The term of the ELOC Agreement began on the date of execution and ends on the earlier of (i) the first day of the month next following
the 36-month anniversary of the execution date, (ii) the date on which the Investor shall have purchased the maximum amount of ELOC Shares,
or (iii) the effective date of any written notice of termination delivered pursuant to the terms of the ELOC Agreement (the “Commitment
Period”).
During
the Commitment Period, the Company may direct Arena to purchase ELOC Shares by delivering a notice (an “Advance Notice”)
to Arena. The Company shall, in its sole discretion, select the amount of ELOC Shares requested by the Company in each Advance Notice.
However, such amount may not exceed the Maximum Advance Amount (as defined in the ELOC Agreement). The purchase price to be paid by Arena
for the ELOC Shares will be ninety-six percent (96%) of the VWAP (as defined in the ELOC Agreement) of the Company’s common stock
during the trading day commencing on the date of the Advance Notice, subject to adjustment pursuant to the terms of the ELOC Agreement.
In
consideration for Arena’s execution and delivery of the ELOC Agreement, the Company agreed to issue or cause to be issued or transferred
to Arena [ ] shares of common stock (the “Transaction Fee Shares”).

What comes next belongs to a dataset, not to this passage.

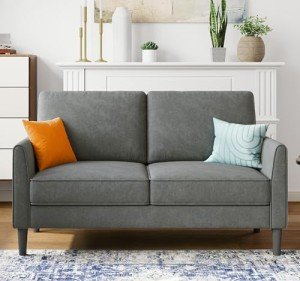 Modern 58" Dark Grey Loveseat Sofa for Small Spaces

In addition, the Company has agreed all of Arena’s
customary due diligence and legal fees, in an amount of up to approximately $20,000 plus an amount of $25,000 incurred in a prior transaction
between the Company and Arena, for a total of $40,000, $20,000 of which was to be paid upon execution and delivery of the ELOC Agreement
and the remainder of the balance will be paid by the issuance to Arena of 162,338 shares of our common stock.
Under
the ELOC Agreement, the Company also agreed to, no later than ten (10) business days following the Closing of the Business Combination,
file with the SEC a registration statement for the resale by Arena of the ELOC Shares and the ELOC Commitment Shares, and to file one
or more additional registration statements if necessary.
The
ELOC Agreement contains customary representations, warranties, agreements and conditions to completing future sale transactions, indemnification
rights and obligations of the parties. Among other things, Arena represented to the Company, that it is an “accredited investor”

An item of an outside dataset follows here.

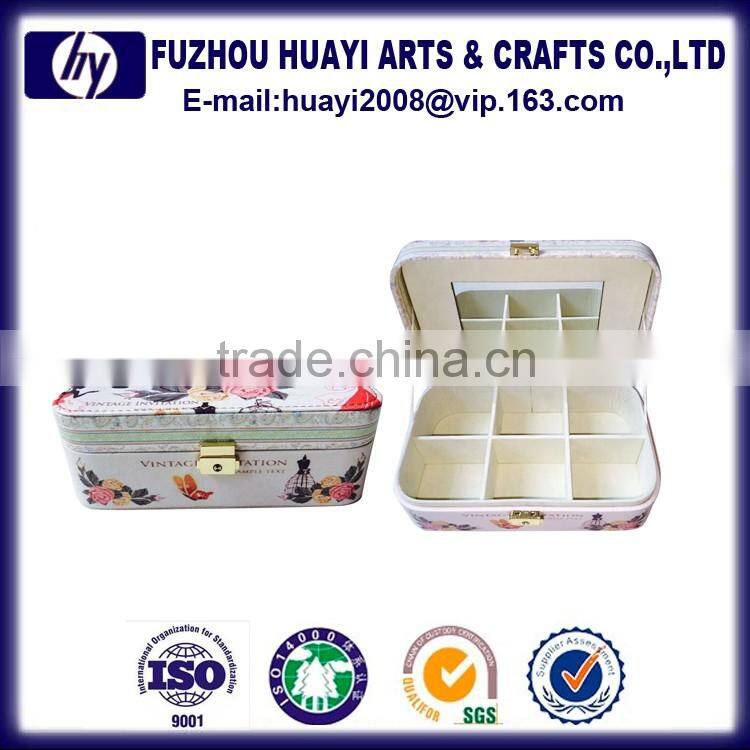 Sexy custom antique handmade pu leather velvet jewelry box with drawers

(as such term is defined in Rule 501(a) of Regulation D under the Securities Act). The Company issued, and will issue, the securities
in reliance upon an exemption from registration contained in Section 4(a)(2) of the Securities Act and Regulation D promulgated thereunder.
The
foregoing description of the ELOC Agreement and Leak Out Agreement, are qualified in its entirety by reference to the full text of such
agreement, a copy of which is attached hereto as Exhibit 10.1, and which is incorporated herein in its entirety by reference. The representations,
warranties and covenants contained in such agreement were made only for purposes of such agreement and as of specific dates, were solely
for the benefit of the parties to such agreement and may be subject to limitations agreed upon by the contracting parties.
Item 1.02. Termination of a Material Definitive Agreement.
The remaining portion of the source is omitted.